Two conics `(x^(2))/(a^(2))-(y^(2))/(b^(2))=1 and x^(2)=-(a)/(b)y` intersect, if

To solve the problem of finding the conditions under which the two conics intersect, we will follow these steps: ### Step 1: Write down the equations of the conics The equations given are: 1. \(\frac{x^2}{a^2} - \frac{y^2}{b^2} = 1\) (Equation of a hyperbola) 2. \(x^2 = -\frac{a}{b}y\) (Equation of a parabola) ### Step 2: Substitute the second equation into the first We can substitute \(x^2\) from the second equation into the first equation: \[ \frac{-\frac{a}{b}y}{a^2} - \frac{y^2}{b^2} = 1 \] This simplifies to: \[ -\frac{y}{ab} - \frac{y^2}{b^2} = 1 \] ### Step 3: Rearrange the equation Multiply through by \(b^2\) to eliminate the denominators: \[ -b y - y^2 = b^2 \] Rearranging gives: \[ y^2 + b y + b^2 = 0 \] ### Step 4: Analyze the quadratic equation For the two conics to intersect, the quadratic equation must have real solutions.
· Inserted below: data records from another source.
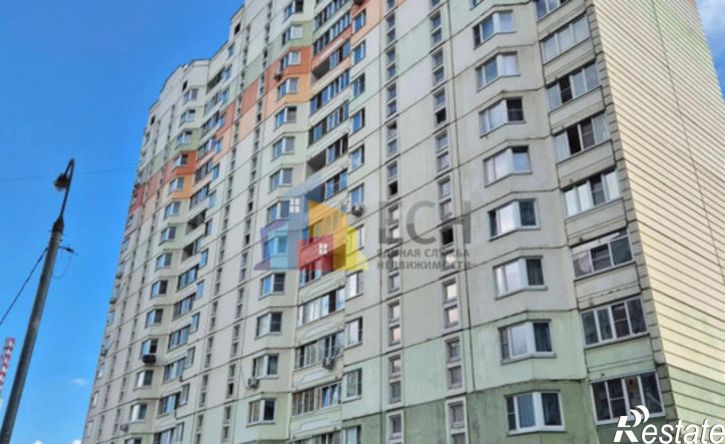 1-комн квартира Тула, улица Хворостухина, 25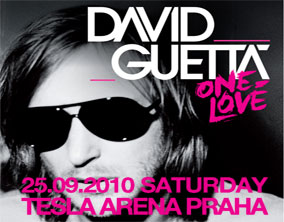 DAVID GUETTA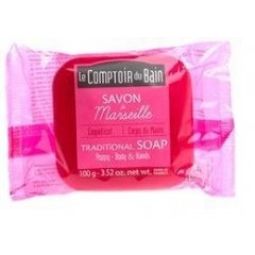 Sapun Marsillia mac 100g - LE COMPTOIR DU BAIN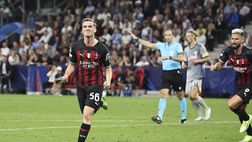 Salisburgo-Milan 1-1, il film della partita di Champions League | VIDEO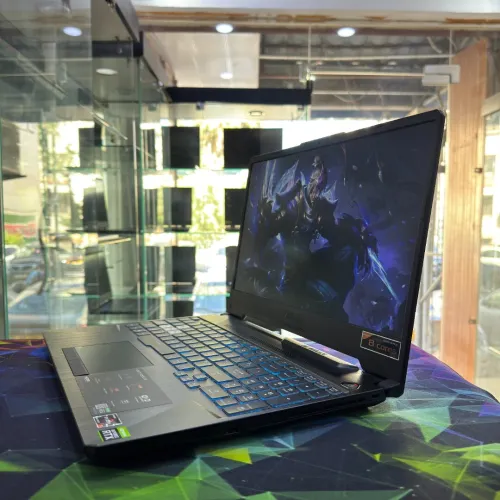 ASUS TUF GAMING A15 FA506QR FHD 15.6" IPS 240HZ | RYZEN 7 5800H | RTX 3070 8GB | 16GB RAM DDR4 | 512 GB SSD NVME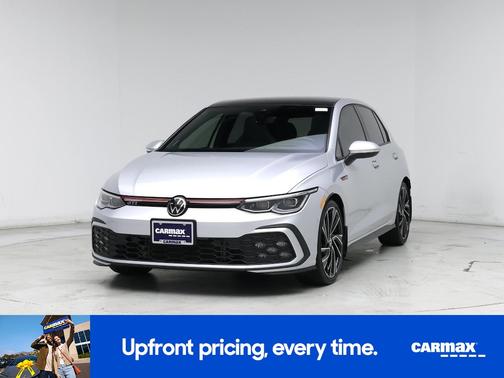 2022 Volkswagen Golf GTI Autobahn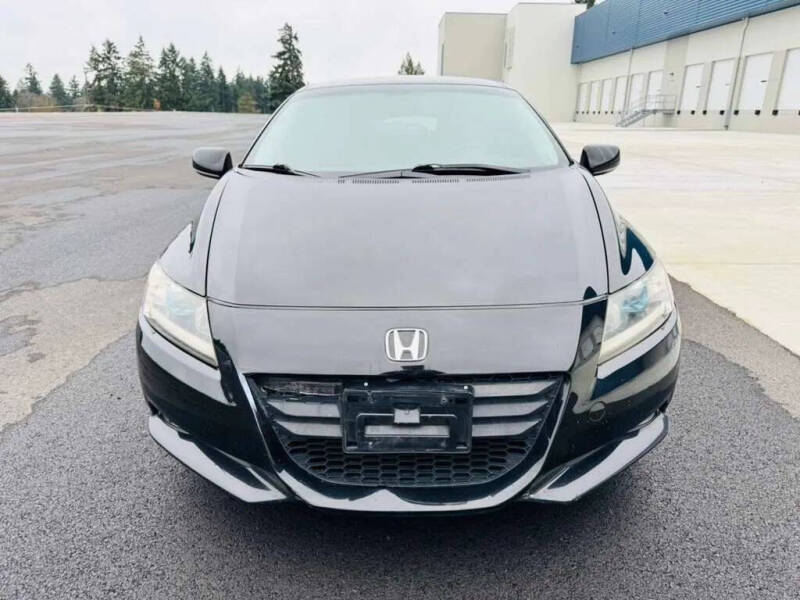 2011 Honda CR-Z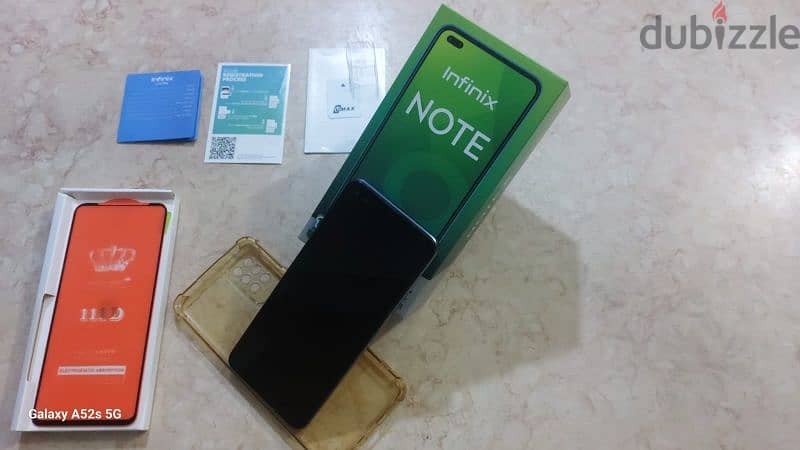 infinix note 8 1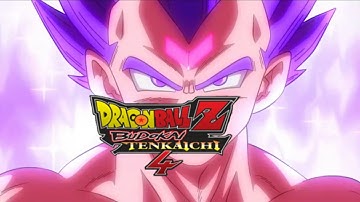 New DBZ TTT ISO MOD V11 By IACG MODS Menu  Permanent Fix With Vegeta Hakaishin Download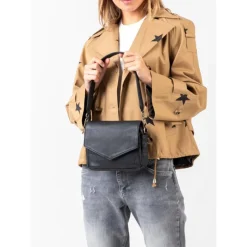 Schoudertassen|Crossbody>Chabo Kyara Cross black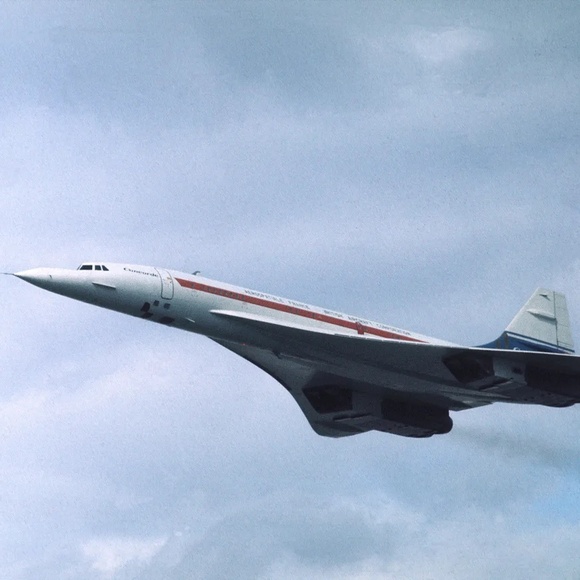 Vintage Concorde Smythson Address & Telelphone - supersonic passenger gift. - Picture 8 of 9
This occurs when the discriminant \(D\) is greater than or equal to zero: \[ D = b^2 - 4ac \] Here, \(a = 1\), \(b = b\), and \(c = b^2\): \[ D = b^2 - 4(1)(b^2) = b^2 - 4b^2 = -3b^2 \] ### Step 5: Set the discriminant condition For the discriminant to be non-negative: \[ -3b^2 \geq 0 \] This implies: \[ b^2 \leq 0 \] Since \(b^2\) is always non-negative, the only solution is: \[ b = 0 \] ### Step 6: Conclusion about the intersection Since \(b\) cannot be zero (as it appears in the denominator of the hyperbola equation), we conclude that the two conics do not intersect for any real values of \(a\) and \(b\) where \(b \neq 0\). ### Summary of Conditions The conics intersect if: - \(b\) must be greater than 0 and less than or equal to \(\frac{1}{2}\) for the hyperbola to exist.